Renewable Fuels and Chemicals

A large fraction of today's oil goes towards long range transportation and chemicals used for making materials. These products are unlikely to be replaced by batteries. While oil naturally forms of millions of years, it would be ideal to design catalysts to rapidly produce specific components of oil. However, for most of the desired chemical compounds there is no natural transformation route from readily available renewable feedstocks into high-value petrochemicals (except for time, heat, and pressure, from which product mixes are made).

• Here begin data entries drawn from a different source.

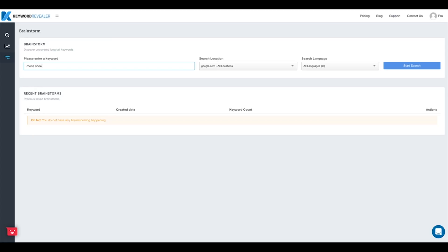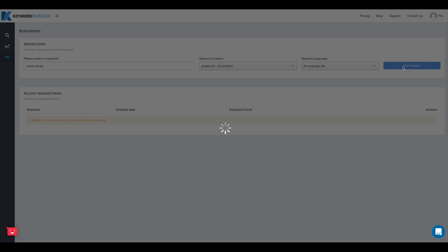We're going to pick right up and continue with the theme of men's shoes from our last tutorials. Here you can select your search location or your search language — we're just going to leave these on all locations and all languages for now, and hit start search.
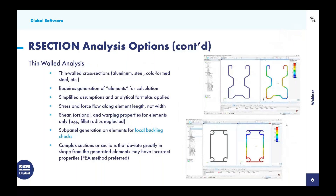Let us dive further into the thin-walled analysis. We want to apply this analysis type to thin-walled cross-sections — aluminum, steel, cold-formed steel, with a couple of examples shown on the right. In addition to generating the part, we are also required to generate what we call the elements. We apply simplified assumptions and analytical formulas. The stress and force flow is considered along these simplified elements' lengths, but not their widths. Topics like shear, torsional, and warping properties reference those elements only, so we can't take into consideration the full cross-section geometry — for example, we simplify and may exclude the fillet radius.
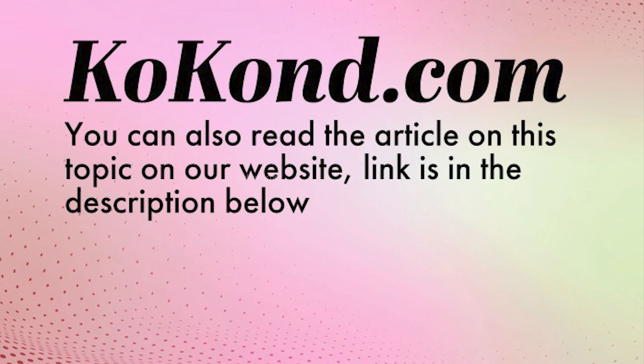If you found this video helpful, please consider supporting us by buying a coffee through the link provided in the description. Don't forget to like and subscribe to our channel. Additionally, you can explore more content on this topic by reading our article on our website. Find the link in the description below.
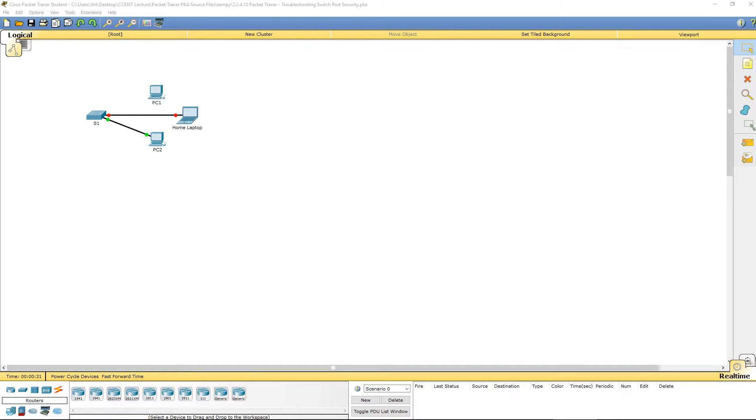Welcome to Routing and Switching Essentials. This is Packet Tracer Lab 2.2.4.10, Troubleshooting switch port security.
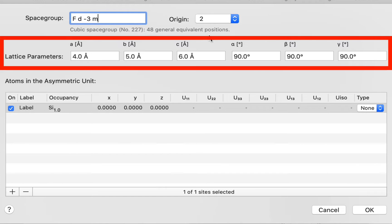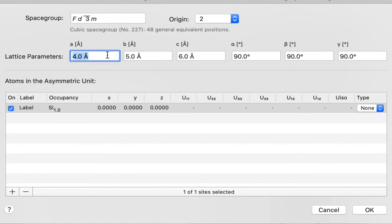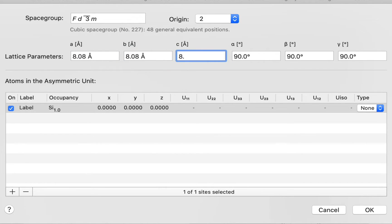Even though we've specified a cubic space group with a cube-shaped unit cell, we need to enter all six lattice parameters just in case you want to make any changes. So I'm going to enter 8.08 as my A, B, and C parameters, and we'll leave alpha, beta, and gamma at 90 degrees.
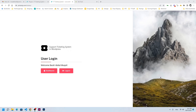Hello everyone, Abdul Muxed here with another episode of CrocoBlock. Today we will extend the functionality of our ticketing system by adding two more functions. The first one is to edit the feedback — if you made a mistake, you can edit. This will show you how to edit or modify CCT from the front end, which is mostly what users are asking in the community forum. The second functionality is to assign the ticket to your team members.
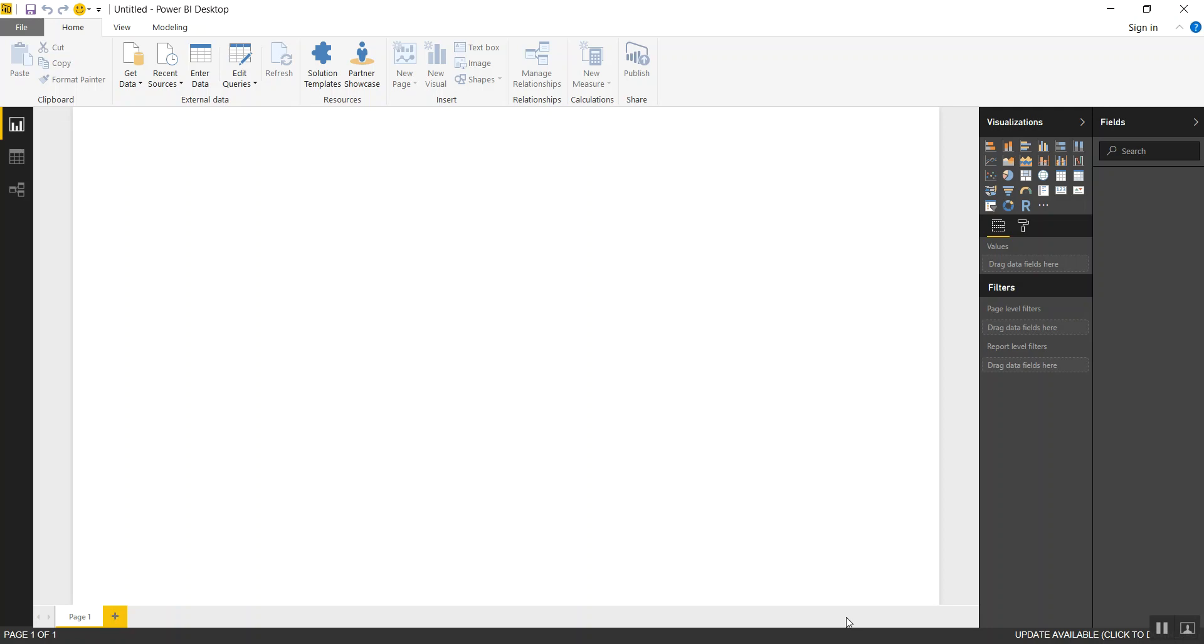Hello everyone and welcome to Story by Data. Today I'd like to provide a quick overview and demo of Power BI the desktop version.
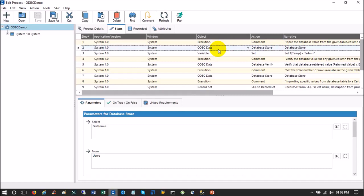Coming back to the step — when you write any SQL query, a typical example would be: SELECT first_name FROM users. However, in Certify your query must return only one row and one column, because the result gets stored in a single Certify variable. If your query returns multiple rows and columns, Certify will throw an error. If you need 10, 15, or 20 database validations, you need to write that many individual steps — there are no alternate ways.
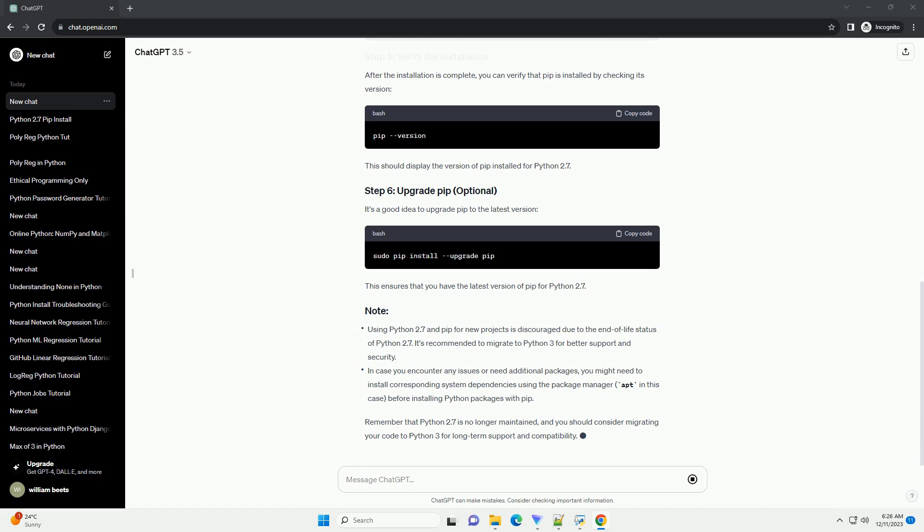It's a good idea to upgrade pip to the latest version. This ensures that you have the latest version of pip for Python 2.7.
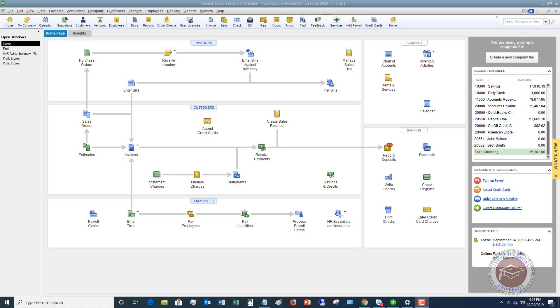Welcome to this QuickBooks 2020 tutorial for beginners on how to reconcile your bank account. My name is Matt Holquist with the QuickBooks University. I want to walk through in QuickBooks Desktop 2020 how you're going to reconcile your bank account.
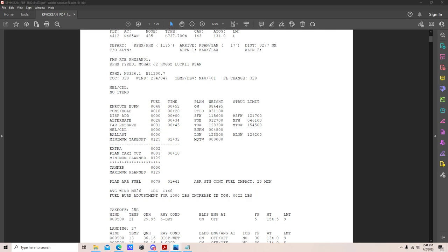Ceiling 2,000 broken and visibility greater than 6 miles — no alternate required. However, if the weather trend is worsening, it's still a good idea to add an alternate because the forecast may amend and then require one. For a domestic operation, that's the main takeaway on alternates.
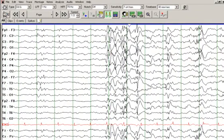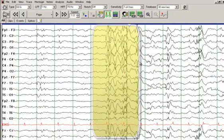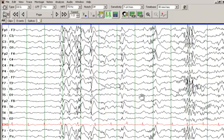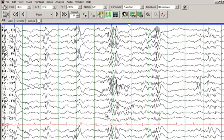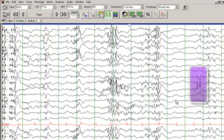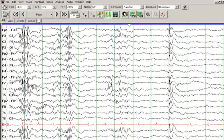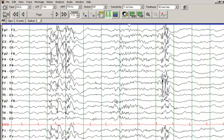Moving on, you see generalized bursts of slowing and sharp waves. These are slow spikes and multifocal spikes. These are generalized bursts of sharp waves with maximal amplitudes in the frontal and temporal head regions. On this page, this is most prominent on the left hemisphere, with a sharp wave seen on the left side as well. The background is slow; we see generalized bursts of sharps, slow spike-and-wave, and polyspike-and-wave discharges in a generalized distribution.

One possible route to address these challenges is the application of biotechnology to engineer systems for the production of fuels, materials, and the conversion of carbon dioxide into value-added products. Current efforts have primarily focused on combining several existing biological parts, however there are many products and routes that will be inaccessible if limited solely to naturally occurring parts. Therefore, the development of biological systems to produce products not found in nature will require the design of parts with novel functions.

Waste Remediation

Modern society has produced many chemicals that enable us to control the environment around us. Some examples of these chemicals are herbicides and nerve agents. When these chemicals are used however a significant amount of waste and environmental contamination is produced and is difficult to neutralize. Therefore, we plan to develop enzymes that can be applied to effected areas and neutralize the chemicals. As enzymes are made of amino acids, they pose minimal risk to the environment and will be readily integrated into the natural carbon cycle.

Development of Next Generation Computational Design Methods

We are deeply interested in further developing computational methods that integrate modern molecular modeling tools with human knowledge and empirically generated data. This ranges from developing large data sets of biophysically characterized enzyme variants to train new data-driven design algorithms, to exploring how to utilize and effectively search for a function of interest within the massive protein sequence databases (180-million sequences and growing) now available, to integrating what we know about enzyme chemistry into molecular modeling pipelines to create the atomically accurate structures needed for design efforts. Through the use and development of these new tools and methods we can increase the chances of success in our applied efforts (e.g. unlocking the hidden potential of our food system).